EXERCISE: Your job with the data below: print everything from the line that holds "The Ultimate Vegan" down to the line that holds "10 Pack Brushed", ends included, exactly, and nothing else.

DATA PROVIDED:
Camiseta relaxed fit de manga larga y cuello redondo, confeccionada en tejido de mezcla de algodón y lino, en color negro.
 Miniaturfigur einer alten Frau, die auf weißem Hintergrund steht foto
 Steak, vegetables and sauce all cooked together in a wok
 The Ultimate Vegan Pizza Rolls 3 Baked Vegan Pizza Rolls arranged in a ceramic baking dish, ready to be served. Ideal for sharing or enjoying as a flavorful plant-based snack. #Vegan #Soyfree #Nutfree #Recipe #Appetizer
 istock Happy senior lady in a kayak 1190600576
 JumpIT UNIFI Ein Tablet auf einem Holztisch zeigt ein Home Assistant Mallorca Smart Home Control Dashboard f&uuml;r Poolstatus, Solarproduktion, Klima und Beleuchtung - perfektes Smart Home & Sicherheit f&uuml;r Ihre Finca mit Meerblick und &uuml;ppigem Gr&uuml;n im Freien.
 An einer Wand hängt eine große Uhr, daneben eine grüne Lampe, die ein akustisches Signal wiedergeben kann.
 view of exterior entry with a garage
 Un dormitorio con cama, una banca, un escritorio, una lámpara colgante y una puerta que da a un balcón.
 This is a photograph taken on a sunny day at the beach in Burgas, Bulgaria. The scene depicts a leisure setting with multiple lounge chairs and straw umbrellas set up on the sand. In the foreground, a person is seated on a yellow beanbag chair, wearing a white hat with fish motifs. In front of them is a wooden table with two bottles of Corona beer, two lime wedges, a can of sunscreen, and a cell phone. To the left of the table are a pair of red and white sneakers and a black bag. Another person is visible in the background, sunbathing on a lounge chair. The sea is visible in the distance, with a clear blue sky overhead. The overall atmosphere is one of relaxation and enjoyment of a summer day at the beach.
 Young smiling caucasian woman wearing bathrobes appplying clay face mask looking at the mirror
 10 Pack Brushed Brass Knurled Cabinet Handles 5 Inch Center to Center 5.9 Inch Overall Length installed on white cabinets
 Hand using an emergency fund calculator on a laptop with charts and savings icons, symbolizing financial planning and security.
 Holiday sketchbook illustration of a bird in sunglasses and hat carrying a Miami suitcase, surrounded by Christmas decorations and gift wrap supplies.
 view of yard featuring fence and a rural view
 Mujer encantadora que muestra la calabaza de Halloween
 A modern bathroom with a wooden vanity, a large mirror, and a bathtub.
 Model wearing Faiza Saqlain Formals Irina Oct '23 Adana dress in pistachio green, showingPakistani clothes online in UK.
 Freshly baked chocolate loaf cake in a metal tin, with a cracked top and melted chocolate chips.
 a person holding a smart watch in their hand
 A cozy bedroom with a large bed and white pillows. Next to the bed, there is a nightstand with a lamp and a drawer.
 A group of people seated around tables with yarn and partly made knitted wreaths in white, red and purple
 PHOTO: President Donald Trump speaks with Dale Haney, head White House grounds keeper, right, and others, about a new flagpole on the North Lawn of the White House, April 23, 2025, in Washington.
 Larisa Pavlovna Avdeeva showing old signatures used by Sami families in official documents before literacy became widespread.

RESULT OF THE TASK:
 The Ultimate Vegan Pizza Rolls 3 Baked Vegan Pizza Rolls arranged in a ceramic baking dish, ready to be served. Ideal for sharing or enjoying as a flavorful plant-based snack. #Vegan #Soyfree #Nutfree #Recipe #Appetizer
 istock Happy senior lady in a kayak 1190600576
 JumpIT UNIFI Ein Tablet auf einem Holztisch zeigt ein Home Assistant Mallorca Smart Home Control Dashboard f&uuml;r Poolstatus, Solarproduktion, Klima und Beleuchtung - perfektes Smart Home & Sicherheit f&uuml;r Ihre Finca mit Meerblick und &uuml;ppigem Gr&uuml;n im Freien.
 An einer Wand hängt eine große Uhr, daneben eine grüne Lampe, die ein akustisches Signal wiedergeben kann.
 view of exterior entry with a garage
 Un dormitorio con cama, una banca, un escritorio, una lámpara colgante y una puerta que da a un balcón.
 This is a photograph taken on a sunny day at the beach in Burgas, Bulgaria. The scene depicts a leisure setting with multiple lounge chairs and straw umbrellas set up on the sand. In the foreground, a person is seated on a yellow beanbag chair, wearing a white hat with fish motifs. In front of them is a wooden table with two bottles of Corona beer, two lime wedges, a can of sunscreen, and a cell phone. To the left of the table are a pair of red and white sneakers and a black bag. Another person is visible in the background, sunbathing on a lounge chair. The sea is visible in the distance, with a clear blue sky overhead. The overall atmosphere is one of relaxation and enjoyment of a summer day at the beach.
 Young smiling caucasian woman wearing bathrobes appplying clay face mask looking at the mirror
 10 Pack Brushed Brass Knurled Cabinet Handles 5 Inch Center to Center 5.9 Inch Overall Length installed on white cabinets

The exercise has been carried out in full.